Riding the Red Horse
Page 10
By the next morning two men had toes shot off and had to be evacuated.
They lay on the hill for a week. Each night they lost a few more men to minor casualties that could not possibly have been inflicted by the enemy; then Stromand had two men with foot injuries shot by a squad of military police he brought up from staff headquarters.
The injuries ceased, and the men lay sullenly in the trenches until the company was relieved.
They had two days in a small town near the front, then the officers were called to a meeting. The briefing officer had a thick accent, but it was German, not Spanish. The briefing was for the Americans and it was held in English.
“Ve vill have a full assault, vith all International volunteers to move out at once. Ve vill use infiltration tactics.”
“What does that mean?” Captain Barton demanded.
The staff officer looked pained. “Ven you break through their lines, go straight to their technical areas and disrupt them. Ven that is done, the var is over.”
“Where are their technical corpsmen?”
“You vill be told after you have broken through their lines.”
The rest of the briefing made no more sense to Peter. He walked out with Barton after they were dismissed. “Looked at your section of the line?” Barton asked.

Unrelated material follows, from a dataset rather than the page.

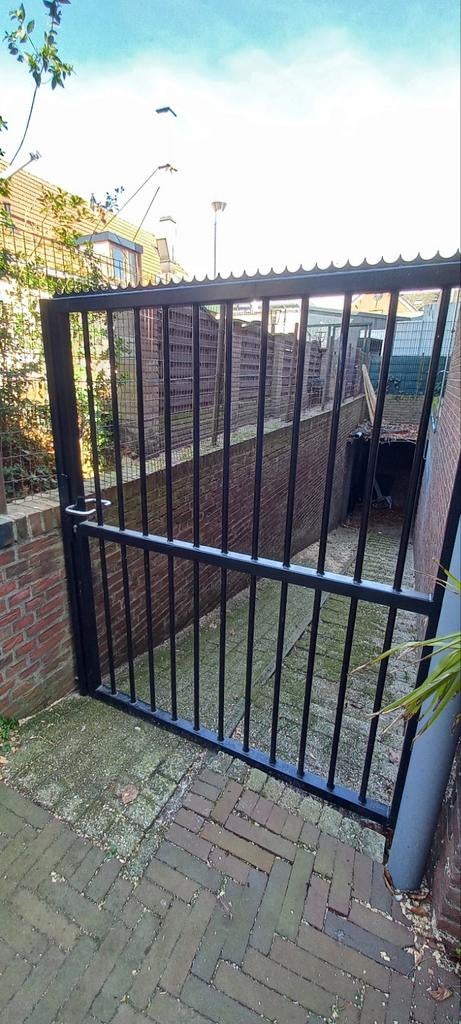 Metalen traliepoort, Ophalen of Verzenden, IJzer, Sierhekwerk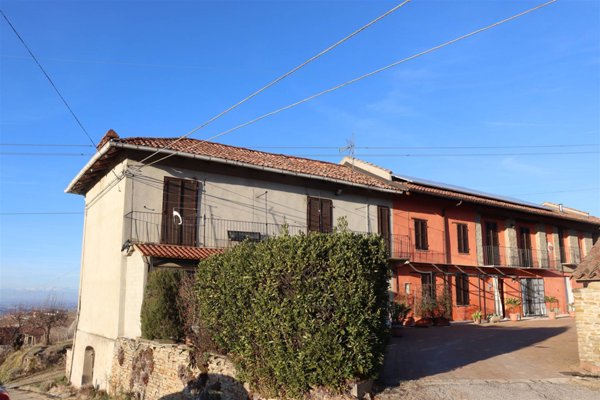 casa indipendente in vendita a Santo Stefano Belbo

“As much as I can,” Peter answered. “Do you have a decent map?”
“No. Old CD orbital photographs, and some sketches. No better than what you have.”

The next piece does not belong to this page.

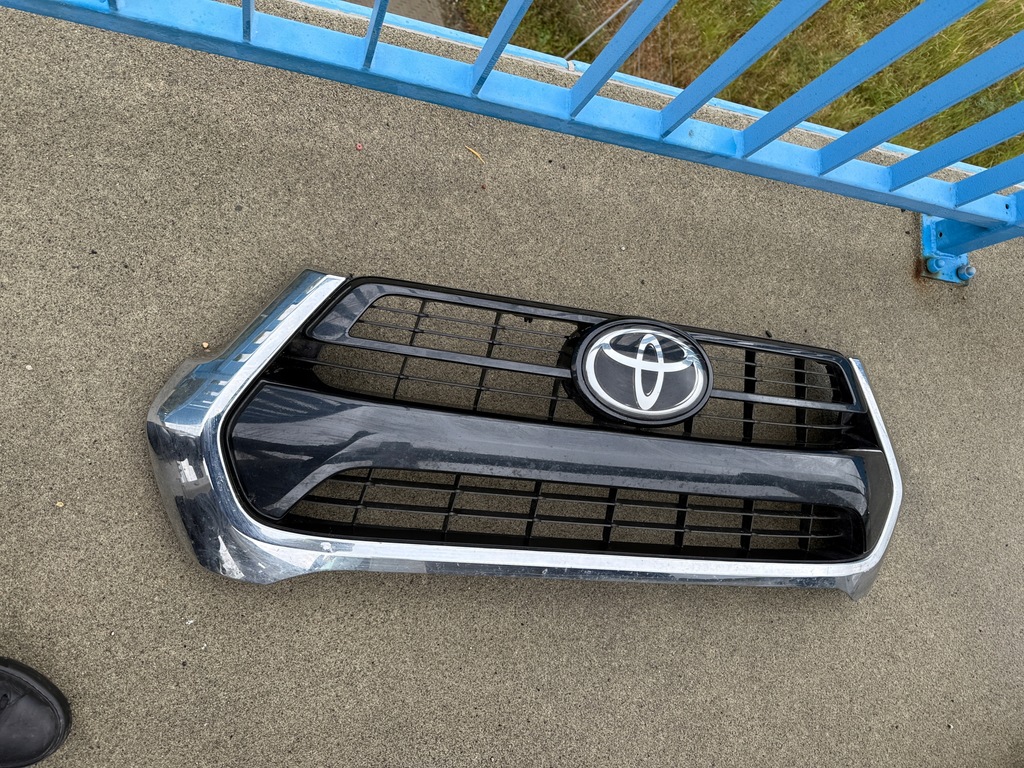 фото №5, Toyota hilux viii 22r решётка радиатора хром решётка радиатора оригинальная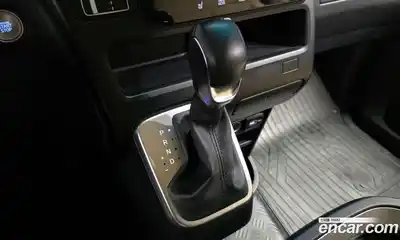 Hyundai Staria 2022 3.5 Автомат в Москве № 47623, миниатюра 3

“What I did see looks bad,” Peter said. “There's an olive grove, then a hollow I can't see into. Is there cover in there?”
“You better patrol and find out.”
“You will ask the battalion commander for permission to conduct patrols,” a stern voice said from behind them.

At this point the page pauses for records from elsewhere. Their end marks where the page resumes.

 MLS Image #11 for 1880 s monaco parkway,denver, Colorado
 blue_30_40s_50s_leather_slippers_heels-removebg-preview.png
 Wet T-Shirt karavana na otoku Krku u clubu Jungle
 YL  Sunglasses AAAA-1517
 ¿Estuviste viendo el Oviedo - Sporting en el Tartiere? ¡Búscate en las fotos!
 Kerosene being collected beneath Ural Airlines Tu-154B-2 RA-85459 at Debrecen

“You better watch that habit of walking up on people, Stromand,” Barton said. “One of these days somebody's not going to realize it's you.” He gave Peter a pained looked. “Better ask.”
Major Harris told Peter that Brigade had forbidden patrols. They might alert the enemy of the coming attack and surprise was needed.
As he walked back to his company area, Peter reflected that Harris had been an attorney for the Liberation Party before he volunteered to go to Santiago. They were to move out the next morning.
The night was long. The men were very quiet, polishing weapons and talking in whispers, drawing meaningless diagrams in the mud of the dugouts. About halfway through the night forty new volunteers joined the company. They had no equipment beyond rifles, and they had left the port city only two days before. Most came from Churchill, but because they spoke English and the trucks were coming to this section, they had been sent along.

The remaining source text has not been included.